*TASK STATEMENT*
Retype, word for word, the line holding "レイール(Reir)の写真/" and every line below it to the end of the listing. Leave out the pictures.

*GIVEN INFORMATION*
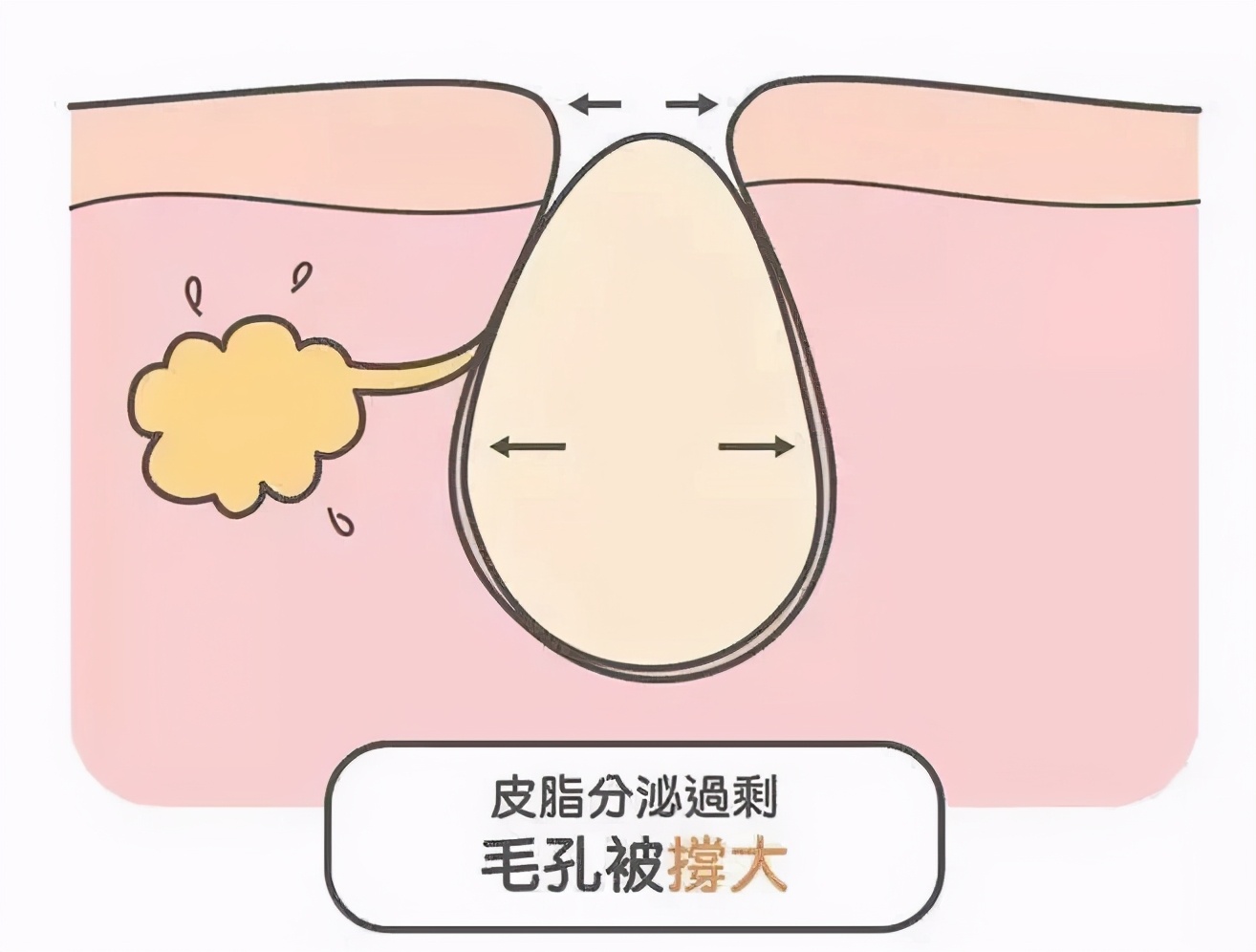 黑头粉刺毛孔粗大怎么隐形毛孔,毛孔粗大cc霜怎么用才能隐形毛孔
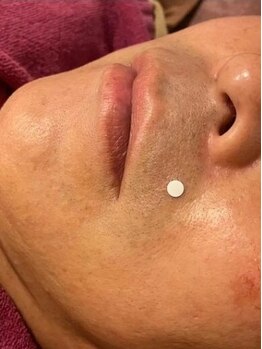 レイール(Reir)の写真/【人気のメンズ脱毛】脱毛で毛もお手入れの負担もなくしましょう☆今月限定プチエステ付き￥6,800　　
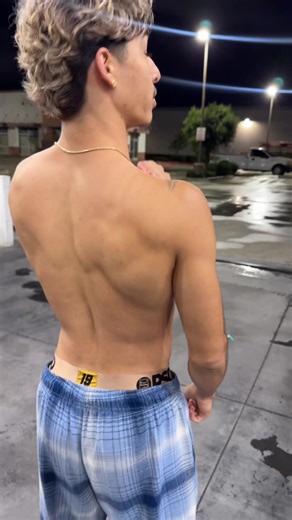 Benefits of Cupping Therapy for Athletes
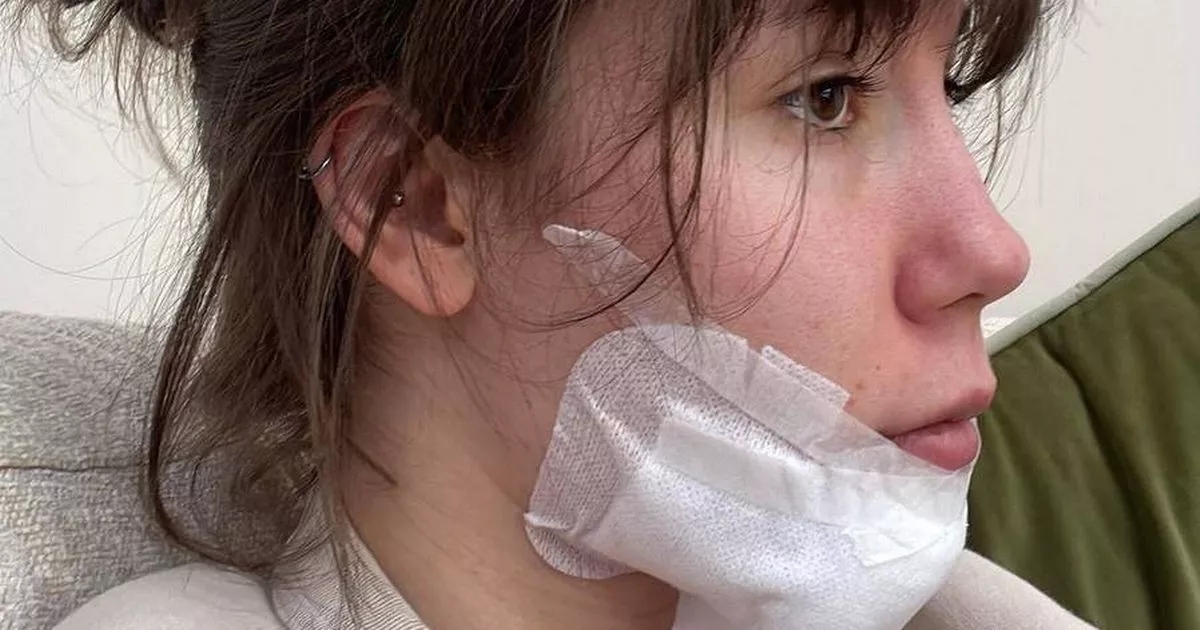 'I was told lump was a cosmetic issue - now I've had my chin rebuilt'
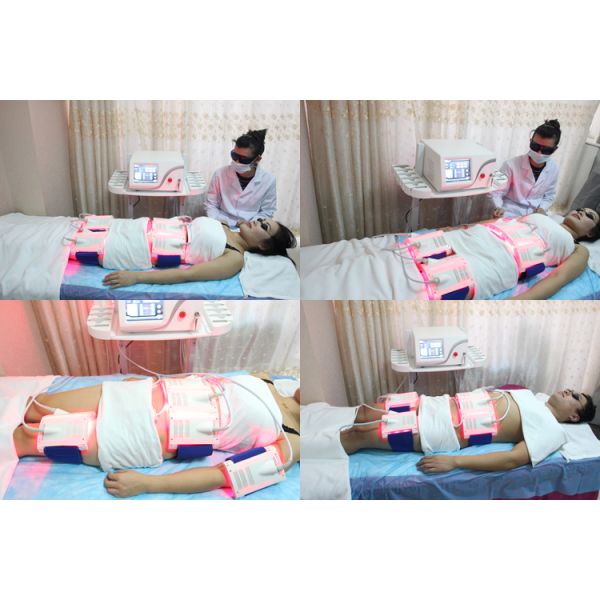 1000mw Lipo Laser Slimming Machine 650nm & 980nm User Friendly Designed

*REPLY*
 レイール(Reir)の写真/【人気のメンズ脱毛】脱毛で毛もお手入れの負担もなくしましょう☆今月限定プチエステ付き￥6,800　　
 Benefits of Cupping Therapy for Athletes
 'I was told lump was a cosmetic issue - now I've had my chin rebuilt'
 1000mw Lipo Laser Slimming Machine 650nm & 980nm User Friendly Designed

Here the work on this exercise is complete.